What is required:
Return all of the entries exactly, with nothing added or left out.

[Scraped caption text data]
============================================================

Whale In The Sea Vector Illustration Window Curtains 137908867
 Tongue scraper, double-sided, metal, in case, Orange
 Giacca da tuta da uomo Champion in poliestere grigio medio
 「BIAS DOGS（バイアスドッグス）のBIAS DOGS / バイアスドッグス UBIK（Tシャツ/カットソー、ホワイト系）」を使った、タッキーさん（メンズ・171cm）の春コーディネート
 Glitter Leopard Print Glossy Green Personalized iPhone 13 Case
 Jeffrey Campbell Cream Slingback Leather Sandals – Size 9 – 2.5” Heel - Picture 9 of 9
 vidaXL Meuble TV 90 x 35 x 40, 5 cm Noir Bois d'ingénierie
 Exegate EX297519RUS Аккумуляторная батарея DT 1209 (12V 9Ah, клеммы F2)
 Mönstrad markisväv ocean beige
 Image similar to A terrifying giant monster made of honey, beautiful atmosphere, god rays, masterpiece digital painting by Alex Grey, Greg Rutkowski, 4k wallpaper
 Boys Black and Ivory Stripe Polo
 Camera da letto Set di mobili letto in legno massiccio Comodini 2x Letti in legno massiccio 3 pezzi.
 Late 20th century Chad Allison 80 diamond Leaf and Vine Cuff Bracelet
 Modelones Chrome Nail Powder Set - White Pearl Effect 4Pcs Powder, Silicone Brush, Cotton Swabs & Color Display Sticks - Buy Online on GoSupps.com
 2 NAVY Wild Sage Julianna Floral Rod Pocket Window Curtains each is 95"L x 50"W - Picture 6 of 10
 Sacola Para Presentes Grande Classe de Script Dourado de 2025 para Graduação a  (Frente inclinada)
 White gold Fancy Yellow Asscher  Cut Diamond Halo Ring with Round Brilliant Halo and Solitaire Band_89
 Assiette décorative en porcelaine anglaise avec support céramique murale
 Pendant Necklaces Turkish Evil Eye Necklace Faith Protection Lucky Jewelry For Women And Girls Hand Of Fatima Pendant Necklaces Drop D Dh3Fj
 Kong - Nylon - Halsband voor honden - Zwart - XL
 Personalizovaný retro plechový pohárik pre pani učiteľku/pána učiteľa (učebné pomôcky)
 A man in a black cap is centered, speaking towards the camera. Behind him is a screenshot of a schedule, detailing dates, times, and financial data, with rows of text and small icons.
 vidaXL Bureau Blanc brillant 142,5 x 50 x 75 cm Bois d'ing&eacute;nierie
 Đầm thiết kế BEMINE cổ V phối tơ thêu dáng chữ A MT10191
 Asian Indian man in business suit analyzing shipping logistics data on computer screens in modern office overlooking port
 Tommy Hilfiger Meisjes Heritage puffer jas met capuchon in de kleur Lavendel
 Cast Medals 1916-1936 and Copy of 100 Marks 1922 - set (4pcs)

============================================================

Exercise answer:
Whale In The Sea Vector Illustration Window Curtains 137908867
 Tongue scraper, double-sided, metal, in case, Orange
 Giacca da tuta da uomo Champion in poliestere grigio medio
 「BIAS DOGS（バイアスドッグス）のBIAS DOGS / バイアスドッグス UBIK（Tシャツ/カットソー、ホワイト系）」を使った、タッキーさん（メンズ・171cm）の春コーディネート
 Glitter Leopard Print Glossy Green Personalized iPhone 13 Case
 Jeffrey Campbell Cream Slingback Leather Sandals – Size 9 – 2.5” Heel - Picture 9 of 9
 vidaXL Meuble TV 90 x 35 x 40, 5 cm Noir Bois d'ingénierie
 Exegate EX297519RUS Аккумуляторная батарея DT 1209 (12V 9Ah, клеммы F2)
 Mönstrad markisväv ocean beige
 Image similar to A terrifying giant monster made of honey, beautiful atmosphere, god rays, masterpiece digital painting by Alex Grey, Greg Rutkowski, 4k wallpaper
 Boys Black and Ivory Stripe Polo
 Camera da letto Set di mobili letto in legno massiccio Comodini 2x Letti in legno massiccio 3 pezzi.
 Late 20th century Chad Allison 80 diamond Leaf and Vine Cuff Bracelet
 Modelones Chrome Nail Powder Set - White Pearl Effect 4Pcs Powder, Silicone Brush, Cotton Swabs & Color Display Sticks - Buy Online on GoSupps.com
 2 NAVY Wild Sage Julianna Floral Rod Pocket Window Curtains each is 95"L x 50"W - Picture 6 of 10
 Sacola Para Presentes Grande Classe de Script Dourado de 2025 para Graduação a  (Frente inclinada)
 White gold Fancy Yellow Asscher  Cut Diamond Halo Ring with Round Brilliant Halo and Solitaire Band_89
 Assiette décorative en porcelaine anglaise avec support céramique murale
 Pendant Necklaces Turkish Evil Eye Necklace Faith Protection Lucky Jewelry For Women And Girls Hand Of Fatima Pendant Necklaces Drop D Dh3Fj
 Kong - Nylon - Halsband voor honden - Zwart - XL
 Personalizovaný retro plechový pohárik pre pani učiteľku/pána učiteľa (učebné pomôcky)
 A man in a black cap is centered, speaking towards the camera. Behind him is a screenshot of a schedule, detailing dates, times, and financial data, with rows of text and small icons.
 vidaXL Bureau Blanc brillant 142,5 x 50 x 75 cm Bois d'ing&eacute;nierie
 Đầm thiết kế BEMINE cổ V phối tơ thêu dáng chữ A MT10191
 Asian Indian man in business suit analyzing shipping logistics data on computer screens in modern office overlooking port
 Tommy Hilfiger Meisjes Heritage puffer jas met capuchon in de kleur Lavendel
 Cast Medals 1916-1936 and Copy of 100 Marks 1922 - set (4pcs)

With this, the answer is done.